Although best known as a ceramic decorator and as the founder of the Rookwood Pottery Company in Cincinnati, Maria Longworth Nichols Storer experimented with metal between 1897 and 1900. Storer created small- and largescale decorative objects made of tin with copper and silver electroplated surfaces while living in Brussels and in Madrid. She employed Yosakichi Asano, a metalworker from Kanazawa, Japan, to assist with the metal fabrication techniques. Before donating the works to the Art Museum, she displayed many of them at the 1900 Universal Exposition in Paris, where they received a gold medal.
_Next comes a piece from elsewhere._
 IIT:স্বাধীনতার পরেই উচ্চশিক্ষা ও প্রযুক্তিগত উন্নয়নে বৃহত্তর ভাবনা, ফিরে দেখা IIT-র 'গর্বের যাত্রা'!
The decorative subject matter is derived from classical, Art Nouveau, and Japanese sources, especially the latter. Storer’s fascination with the grotesque, seen in her earlier pottery designs, is evidenced further in her metalwork. Many of the objects’ surfaces are decorated with monkeys and grotesque aquatic animals, enhanced with patination and with encrusted pearls and semiprecious stones. Such treatment of the decorative motifs produced a body of work with richly textured surfaces and a three-dimensional, sculptural quality.
Although Maria Longworth Nichols Storer referred to these as her “bronzes”, recent examination by Art Museum conservators revealed that they are not bronze at all, but rather electroplated tin–a much easier and cheaper medium compared to bronze.